Additional Bug Fixes & Enhancements Implemented in Core Version 2.03.12
Resolved geographical display issues in the Threats Geo Map
Corrected data display issues in the OS Report
Addressed data display issues in the Hosts Report
Fixed date range filtering problems in the Reports Panel
Updated Help Center and Documentation Links
XDR Version 2.3.10
17 Mar, 2024
The latest version now supports client local time zones, moving away from the universal time clock used by CYFOX servers. It automatically detects the server computer's local time and adjusts all data, including logs, alerts, and reports, to operate in accordance with this local time setting.
Lastly, this version includes significant bug fixes, particularly focusing on enhancing the reports mechanism, resolving FIM Configuration issues, and improving the "Apply Changes" functionality.
XDR Version 2.3.9
15 Jan, 2024
XDR version 2.3.9 includes enhancements focused on the Attack Hunter engine.

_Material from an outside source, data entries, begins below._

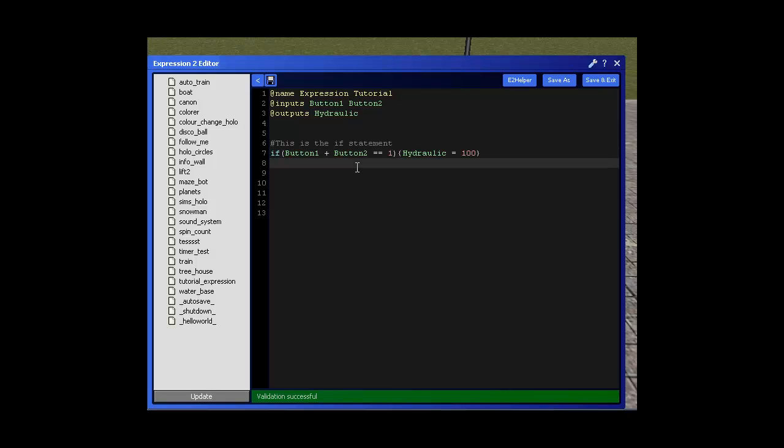If button 1 plus button 2 is equal to 1 then the hydraulic is going to move 100. Now we need it so that if it doesn't equal 1 then the hydraulic is going to come back down again because it can't stay up forever. So we're going to use something called else if. So we'll write that as else and then if. No spaces just one word. And this is basically if button 1 plus button 2 is equal to 1 the hydraulic moves 100. Else if button 1 plus button 2 does not equal 1 then don't move the hydraulic at all. So that's what else if is. It's an alternative basically.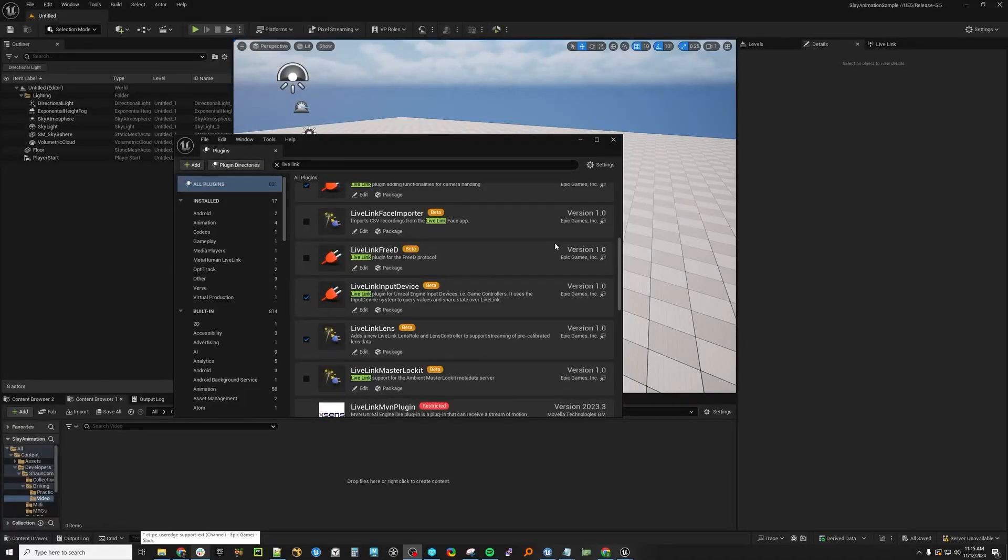Hello, this is Sean Conley from Epic Games, and today we're going to have a look at the Live Link input device.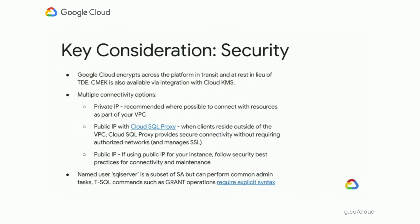Security is something better to talk about proactively. Google Cloud prides itself on being a leader in the security space. At Cloud SQL, we use Google Cloud's platform-wide encryption for both data in transit and data at rest, in lieu of TDE, to avoid double encryption that could cause a performance hit. As a result, we're also able to take advantage of customer-managed encryption keys as part of our key management store, just as you would set that up for any other Google Cloud service.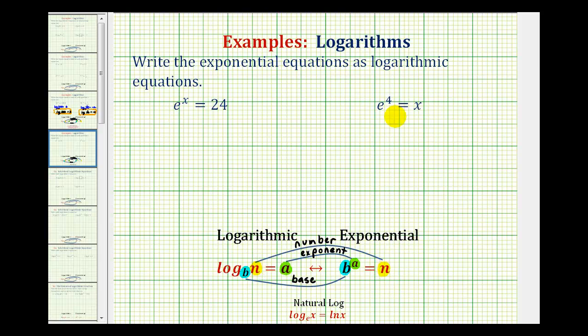Since we have exponential equations, we're going to convert from the exponential form on the right to the log equation on the left. The first step is we know we're going to need a logarithm, so let's write down log.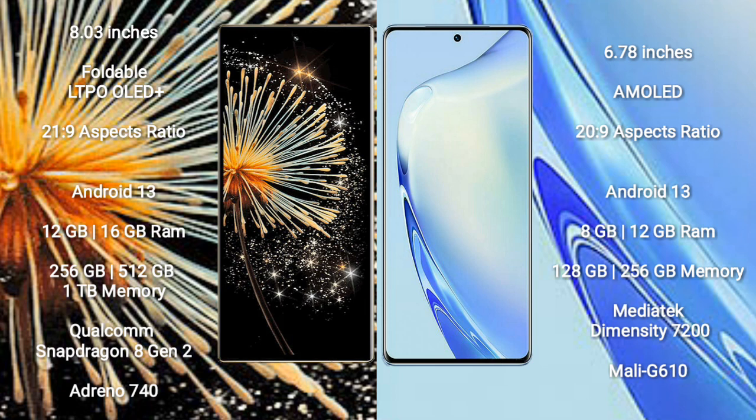Xiaomi Mix Fold 3 runs on the Android 13 operating system. Vivo 27 runs on the Android 13 operating system.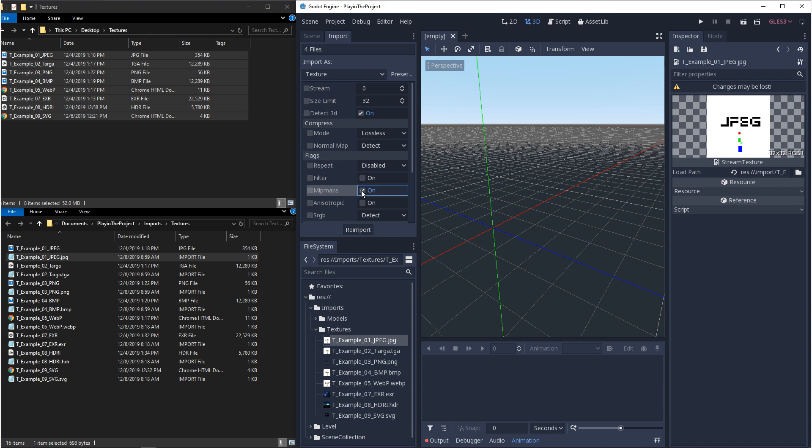Now with Mipmaps turned on, as your texture gets further away from you and smaller on the screen, lower resolution textures will be generated and blended in, helping reduce artifacting. You will need to make sure you're using power of two textures: 32, 64, 128, that kind of thing. And you're also going to want to make sure that repeat is enabled.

This update brings forth a series of improvements and additions to identify additional MITRE ATT&CK techniques.
Incorporation of 7 new "network malware" techniques.
Addition of a novel "Unauthorized Access" technique to identify malware infections on both network and host levels.

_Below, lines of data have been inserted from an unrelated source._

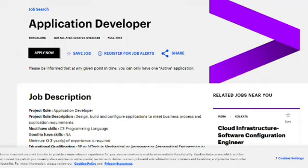Hey everyone, welcome back to another video on our channel. In this video we are going to discuss two hirings coming from Accenture, and these are going to be important hirings.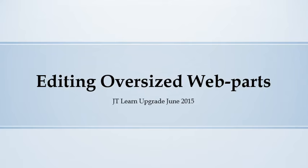After the JTLEARN upgrade, some of your web parts such as your calendar, class schedule grid, or classwork may appear rather large. This screen test will walk you through the steps to bring them back to normal size.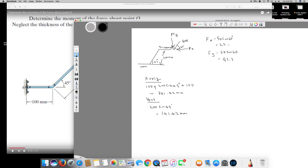The force is in Newtons and the distances are in millimeters, so the final answer needs to be in Newton meters, which is the SI unit. I will work in millimeters and then convert to meters at the end.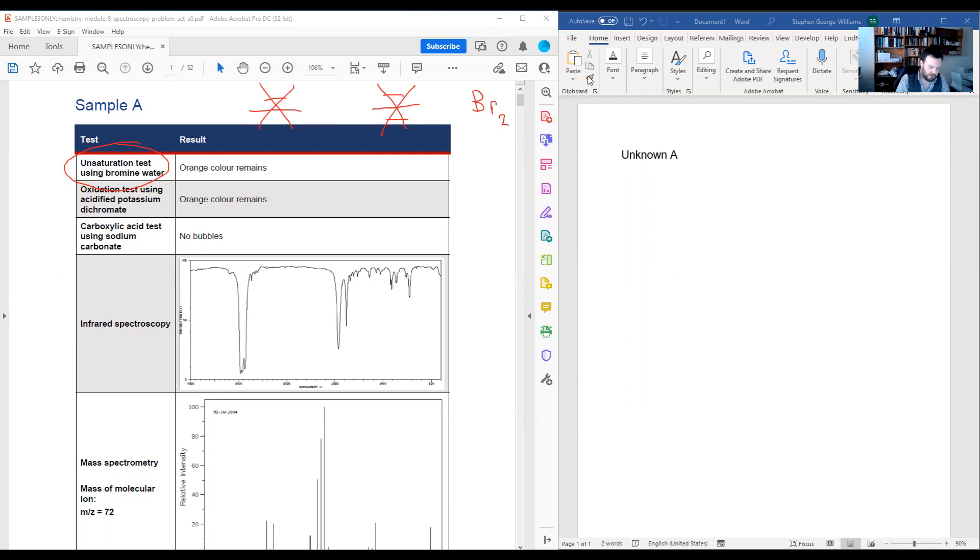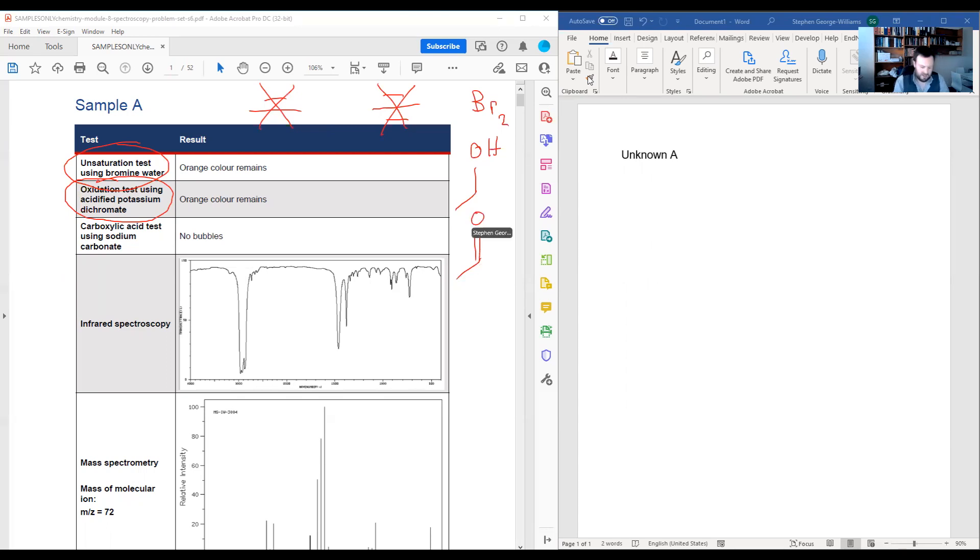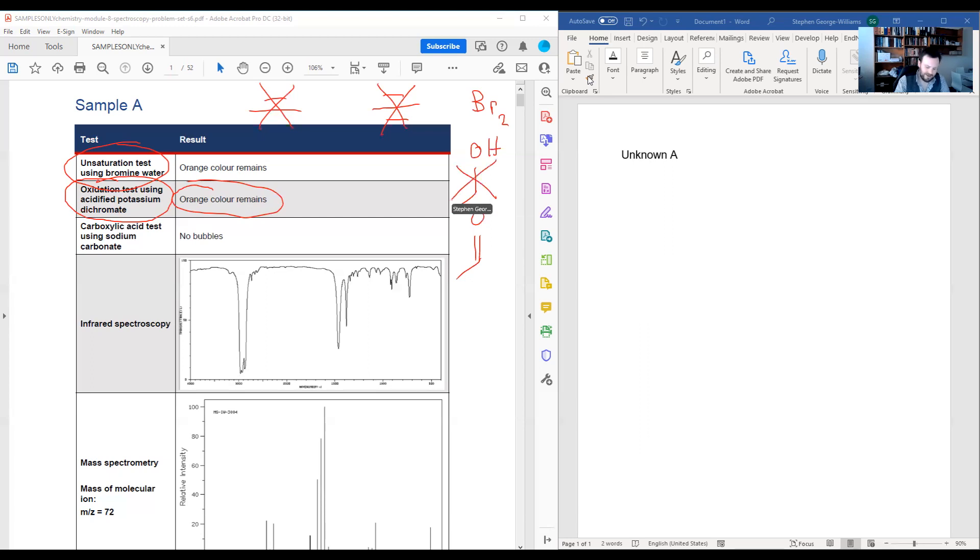Moving on to my next test, which is my oxidation using acidified potassium dichromate. It's an oxidative test, so it's looking for things that can be oxidized, like alcohols, aldehydes, or similar. In this particular case, we're seeing this orange color is remaining. Potassium dichromate is an orange solution, so if it remains, it means it did not oxidize any species. So we're saying there's no alcohol, and it's unlikely there's any aldehyde in here either.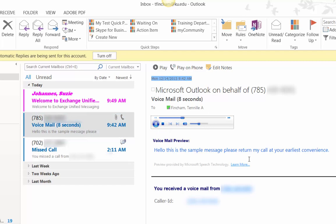Hello, this is a sample message. Please return my call at your earliest convenience.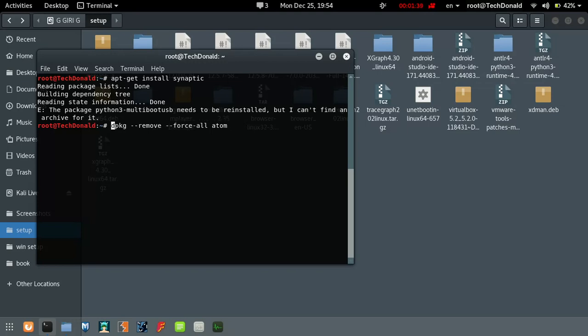dpkg remove, force, force all. Copy the multi boost USB, copy it, paste it, enter.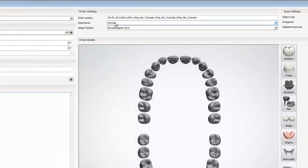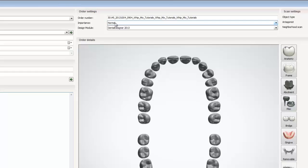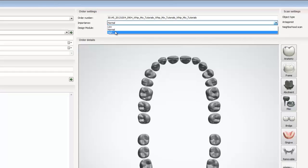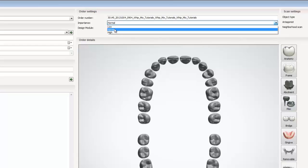Now let's take a look at the order settings. In the settings, it displays the case specific order number, the importance, and the design module. By selecting the importance drop down menu, we can change the priority of the case. Each priority has a different symbol displayed in dental manager.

Updating of the "Information Leak" technique to detect DHCP Spoofing/MITM attacks.
Integration of 7 new Artificial Intelligence IOCs into the Attack Hunter.

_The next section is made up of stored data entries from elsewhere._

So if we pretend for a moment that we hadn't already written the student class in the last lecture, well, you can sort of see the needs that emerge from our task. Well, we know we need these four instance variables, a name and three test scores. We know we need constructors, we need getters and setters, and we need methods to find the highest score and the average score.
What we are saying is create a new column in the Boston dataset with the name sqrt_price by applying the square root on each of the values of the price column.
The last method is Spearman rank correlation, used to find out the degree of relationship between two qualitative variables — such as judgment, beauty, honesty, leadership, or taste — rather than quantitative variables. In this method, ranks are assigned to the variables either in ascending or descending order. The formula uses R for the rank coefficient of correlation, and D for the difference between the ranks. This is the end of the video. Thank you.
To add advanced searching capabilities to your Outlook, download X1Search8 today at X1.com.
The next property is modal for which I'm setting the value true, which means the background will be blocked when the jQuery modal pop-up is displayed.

Revision of 2 "External Device Manipulation" techniques to detect suspicious USB actions.
Enhancement of 15 "Persistence" techniques in the Attack Hunter, aiming to reduce false positive alerts and improve overall security.
Introduction of a new "Deobfuscate/Decode Files or Information" signature to the Attack Hunter.
Updating of 20 "Defense Evasion" techniques to elevate security measures.
Introduction of 6 new "Discovery" techniques to the Attack Hunter.
Addition of 2 new "Proxy" techniques to the Attack Hunter, specifically geared towards the detection of advanced attacks and malware.
Refinement of 3 "Lateral Movement" techniques to reduce false positive alerts.
Updating of 5 "Execution" techniques to minimize false positive alerts and enhance accuracy.
Additionally, this version addresses critical bug fixes and performance issues, including:
Resolution of Attack Hunter configuration issues.
Addition of Timezone conversion to the client’s timezone and formatting date based on client system preferences.
EDR Support Extension in the UI.
Resolution of USB Policy design issues and bugs.
Addition of Google Captcha to the "Forgot password" page.
Fixing the "Apply changes" button issue.
Query optimization for Forensics Host/User events query.
Resolution of the issue preventing page changes inside Host Services.